Illustration-3 shows Machine Learning & Deep Learning within Artificial Intelligence framework.

Deep Learning is the current name of ANN in which it involves learning by utilizing more than 1-hidden layer (16 layers in VGG16, and 50 layers in RESNET-50 for example). Initially, machine learning can be categorized as Supervised Learning (labelled data) and Unsupervised Learning (non-labelled data). Recently, the 3rd category emerges: Reinforcement Learning.

Those 3 categories of Machine Learning are quickly summarized in table-1.

Machine learning offers the ability to extract certain knowledge and patterns from a series of observations. It’s all done through mathematical optimization by using models (pattern recognition or exploration of many possibilities). In supervised learning, minimizing the errors (as feedbacks) is very important to get the best learning result possible.

Illustration-2: A typical Artificial Neural Network (ANN) with 1-hidden layer.

Illustration-3: Deep Learning within the Artificial Intelligence framework (source: MIT Press,

Deep Learning is all about Neural Network. It uses a lot of data to teach the machine to do things what human can do, see things and be able to recognize objects for example.

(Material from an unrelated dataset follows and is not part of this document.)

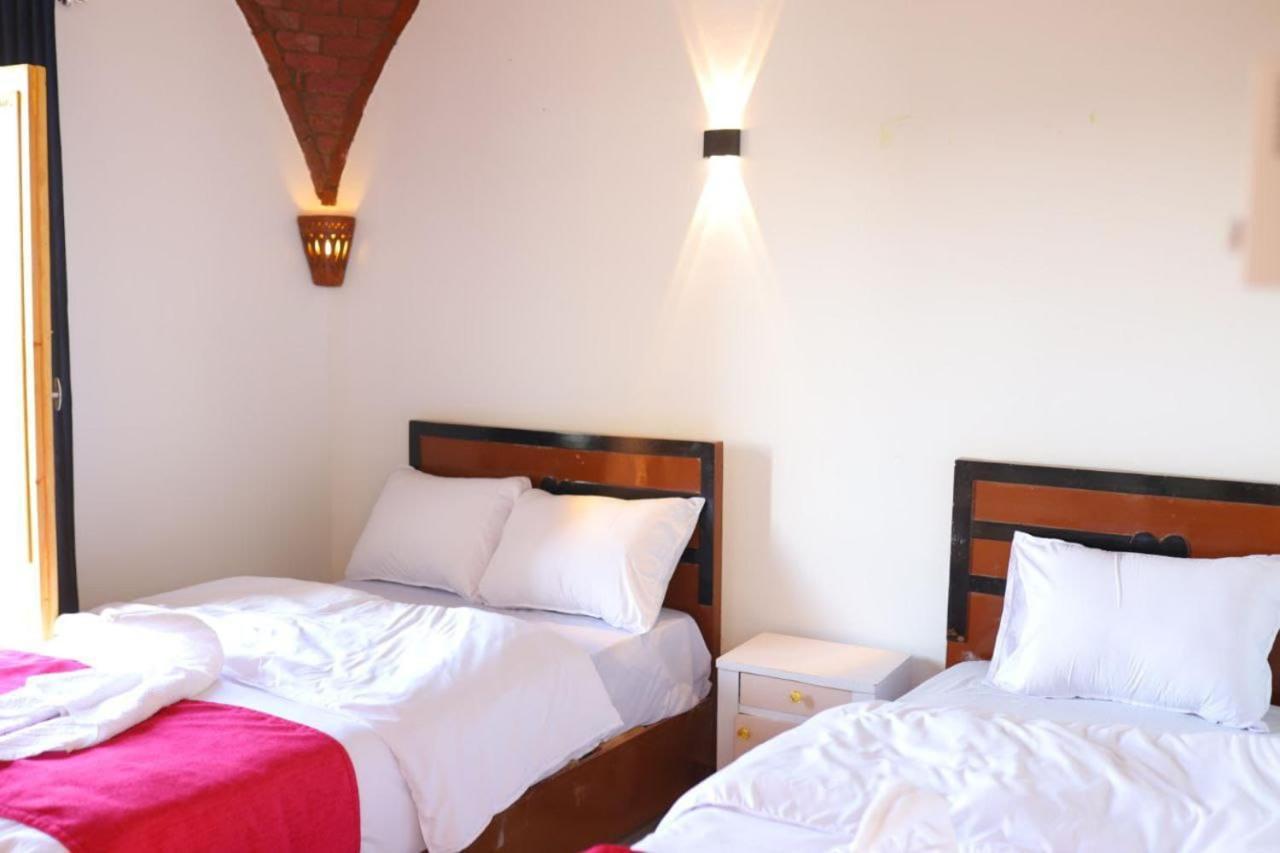 Quiet Gate Guest House Al Aqalitah Exterior foto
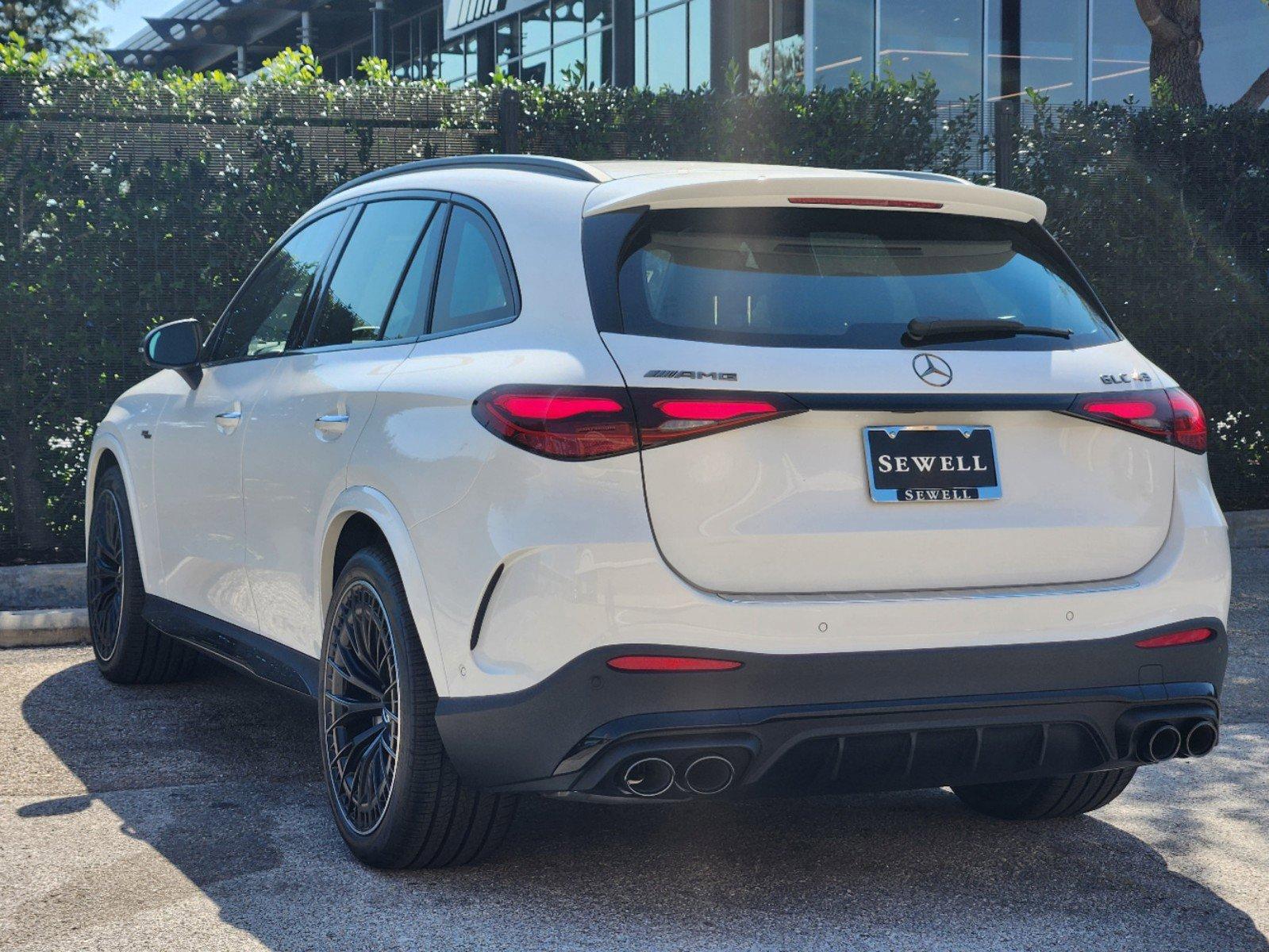 2025 Mercedes-Benz GLC Vehicle Photo in HOUSTON, TX 77079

A friend of mine, Dr. Arfika Nurhudatiana, a data scientist in Jakarta, Indonesia recently emphasizes on this “Deep learning extends machine learning by excluding manual feature extraction and directly learns from raw input data.”

One of the good examples of Deep Learning application is perception. the ability for machine to be able to mimic human in recognizing images, see what objects are in the images, teaching the robot to understand the world around it and interact with it. Deep learning is the state of the art and emerging technology in Artificial Intelligence. Many applications are possible, including Computer Vision and Text/Speech Recognition with high degree of accuracy for example.

Each of the node in the hidden layer basically consists of complex calculations (mainly progressively matrix operations). It takes inputs from previous nodes – adjusted with unique biases (from nodes) and weights (from edges), then do some calculations (and measurements) to produce output to solve a problem. In Deep Learning, the hidden layers are more than one.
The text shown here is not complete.